# Problem requirements
Each line from the one containing "Full view of" through the last line of the data below should be printed exactly, please, with any pictures omitted.

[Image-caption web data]
********************
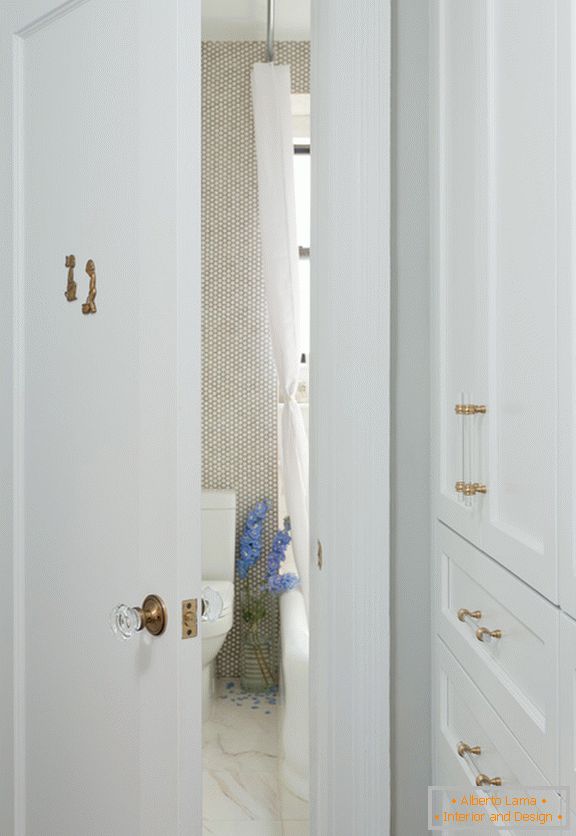 White door to the bathroom with a marble floor
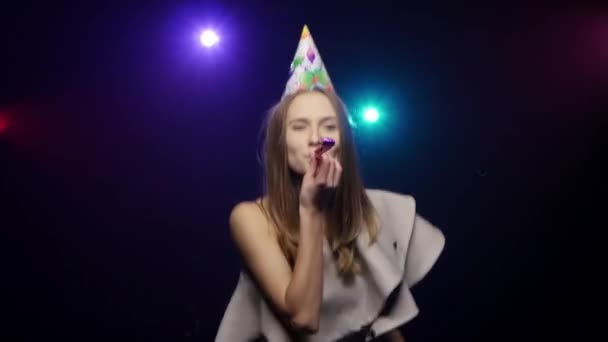 Дівчина дме конфетті з долонями, дме партійний свисток, танцює — стокове відео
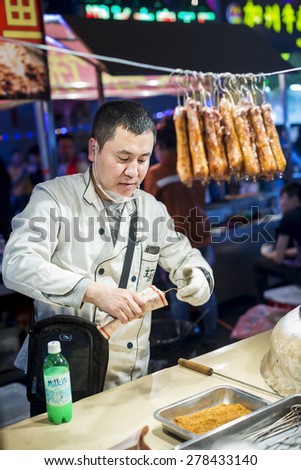 Shenyang, China - May 10, 2015: Chinese chef selling Barbecue. Located in Xingshun International Tourist Night Market, Shenyang City, Liaoning province, China.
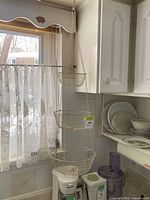 Full view of the three-tier vintage metal hanging basket in a kitchen environment, showing it hanging in front of a window.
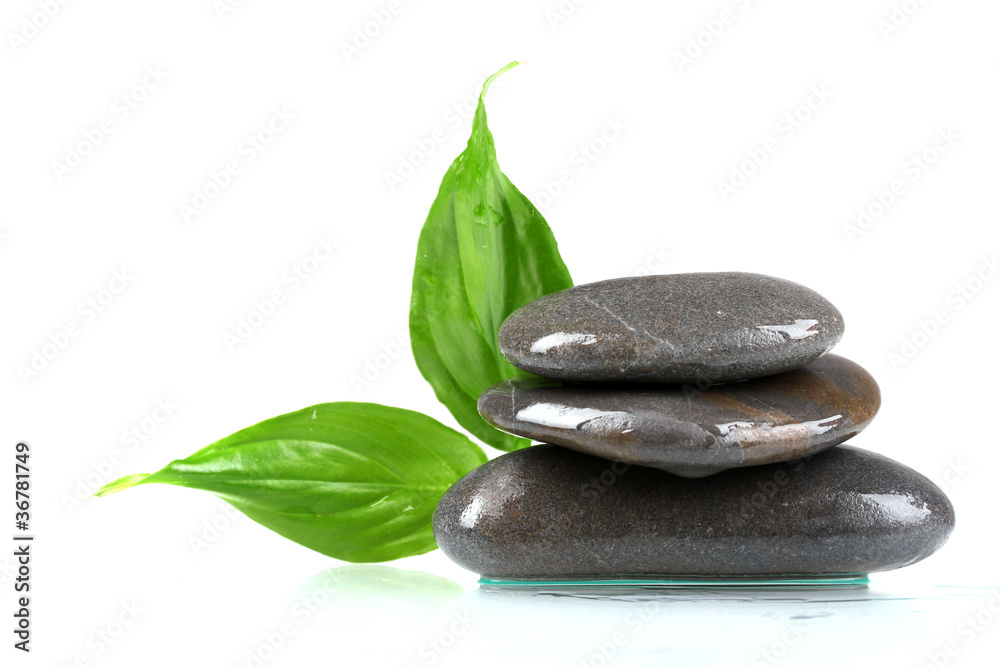 Fototapeta premium spa stones and leaves isolated on white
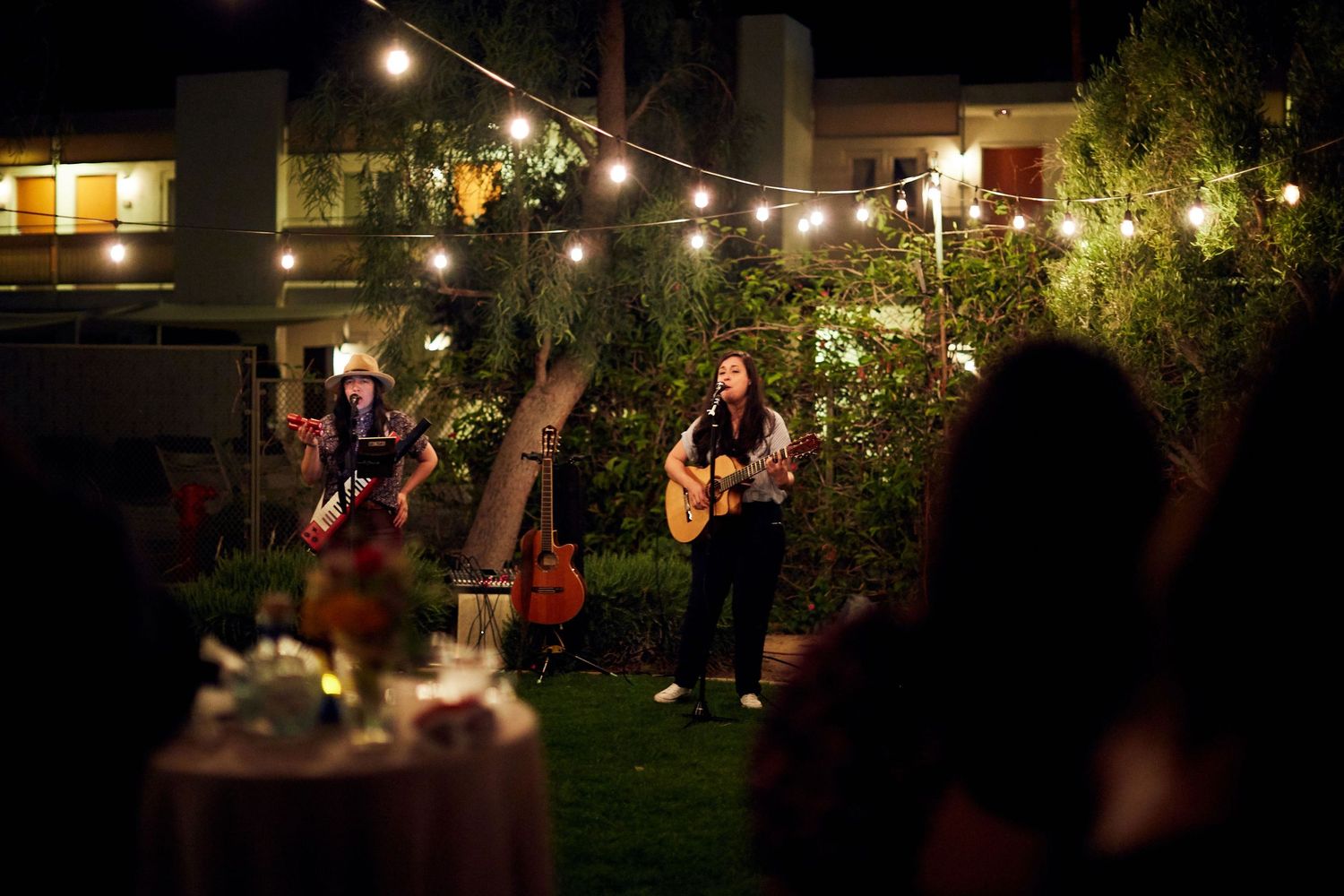 Musicians perform at an intimate outdoor garden party with string lights overhead and cocktail tables in the background.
********************
# Expected output
 Full view of the three-tier vintage metal hanging basket in a kitchen environment, showing it hanging in front of a window.
 Fototapeta premium spa stones and leaves isolated on white
 Musicians perform at an intimate outdoor garden party with string lights overhead and cocktail tables in the background.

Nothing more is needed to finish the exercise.